È stata la chat di Backdoor a farmi apprendere la notizia. Conferme, smentite, link spariti e poi riapparsi in un tamtam di chi in realtà non voleva crederci. Sono stati minuti in cui, come spesso capita, si fa fatica a dividere la realtà dalla finzione e si vuol pensare che la realtà sia finzione per non doverla affrontare.

Ma quel “source tells ESPN” che abbiamo letto mille volte ratificando delle trade, questa volta ha sancito la fine. Era vero. Kobe Bryant se n’era andato in quel tragico incidente in elicottero. 
E le figlie? Purtroppo Gigi era con lui e a 13 anni se n’è andata anche lei tra le braccia del padre che la vedeva già come la nuova Mamba della famiglia.

In quel momento non ho voluto scrivere nulla sull’accaduto. Dire che un campione, un esempio e colui che influenzato milioni di vite non ci fosse più, sembrava voler cavalcare la notizia, quasi “approfittarne”. I giornalisti danno le notizie, è vero, anche quelle tragiche ed è un dovere più che una ricerca di numeri…dovrebbe. Ma non ho voluto farlo.

Dopo qualche ora ho provato a metabolizzare il tutto attraverso migliaia di messaggi, diversi stati d’animo di chi lo aveva avuto come idolo e di chi sportivamente lo aveva odiato, ma come nel momento in cui si è ritirato, tutti gli hanno tributato il giusto omaggio, perché di fronte alla grandezza non ci sono maglie, fedi sportive o partigianerie. Quasi ventiquattro ore dopo il sorpasso di LeBron nella classifica dei marcatori ogni epoca (e il numero non è casuale), che Kobe potesse lasciarci così non era nemmeno immaginabile. Eppure è successo. Forse ha ragione un messaggio che ho ricevuto e che dice:

Gli dèi non cadono nella nebbia, la soffiano via.

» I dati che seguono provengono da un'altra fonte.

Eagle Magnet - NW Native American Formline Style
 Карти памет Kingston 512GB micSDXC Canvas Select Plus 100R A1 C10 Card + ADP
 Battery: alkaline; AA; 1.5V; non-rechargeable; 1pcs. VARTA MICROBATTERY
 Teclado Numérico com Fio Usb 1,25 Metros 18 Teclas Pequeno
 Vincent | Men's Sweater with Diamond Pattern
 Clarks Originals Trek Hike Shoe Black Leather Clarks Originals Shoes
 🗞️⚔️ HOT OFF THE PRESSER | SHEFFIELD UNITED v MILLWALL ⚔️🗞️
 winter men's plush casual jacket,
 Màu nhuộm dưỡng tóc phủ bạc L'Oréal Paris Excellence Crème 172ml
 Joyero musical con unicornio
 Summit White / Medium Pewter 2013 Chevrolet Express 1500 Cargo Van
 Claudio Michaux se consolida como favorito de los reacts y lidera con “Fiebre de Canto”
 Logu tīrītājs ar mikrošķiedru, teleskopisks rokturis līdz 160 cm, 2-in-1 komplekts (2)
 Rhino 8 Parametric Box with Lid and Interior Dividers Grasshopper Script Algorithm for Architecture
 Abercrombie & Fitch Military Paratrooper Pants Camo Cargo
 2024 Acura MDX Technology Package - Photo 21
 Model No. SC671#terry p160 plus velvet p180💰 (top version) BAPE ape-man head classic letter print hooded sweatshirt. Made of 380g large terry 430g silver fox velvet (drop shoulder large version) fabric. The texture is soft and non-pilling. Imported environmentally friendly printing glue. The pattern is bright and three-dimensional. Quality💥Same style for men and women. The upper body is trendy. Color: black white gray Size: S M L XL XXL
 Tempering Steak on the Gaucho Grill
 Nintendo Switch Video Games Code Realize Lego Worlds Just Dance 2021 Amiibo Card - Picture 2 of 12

E Kobe per tanti motivi era una semidivinità che ci ha insegnato come si rende uno sport un’ossessione, un motivo di vita, una linfa inesauribile e soprattutto un desiderio irrefrenabile di vittoria.
Ci saranno reazioni di chi sente veramente come sua la mancanza di un idolo d’infanzia, chi si apposterà come uno sciacallo in attesa di ricevere consensi con sterili frasi di circostanza e chi vorrà rispettare un tragedia umana prima che sportiva con il silenzio.
Ne abbiamo parlato giusto sabato riguardo alla questione di Delonte West, dove la cosa più difficile da fare è provare a non cadere nel becero, a rispettare gli individui e onorarli come uomini. Kobe Bryant è stato un esempio di professionismo che chiunque dovrebbe prendere e fare proprio: non c’entra il basket o lo sport, è la vita. Quando se ne va una persona che  ha toccato i tuoi sentimenti più profondi e le tue passioni più veraci non puoi che esserne sconvolto e infinitamente triste.
Qualcuno diceva che il tempo sistema le cose, ma alcune non si possono sistemare. Anche noi, forse tra un pochino, riusciremo a comprendere davvero la fortuna che abbiamo avuto nel farci toccare le vite e le corde dei sentimenti da Kobe Bryant. Ma ci vorrà un pò, anche per noi che proveremo a rendergli omaggio nel miglior modo che potremo.

Con l’infinito rispetto che meriti: riposa in pace Kobe.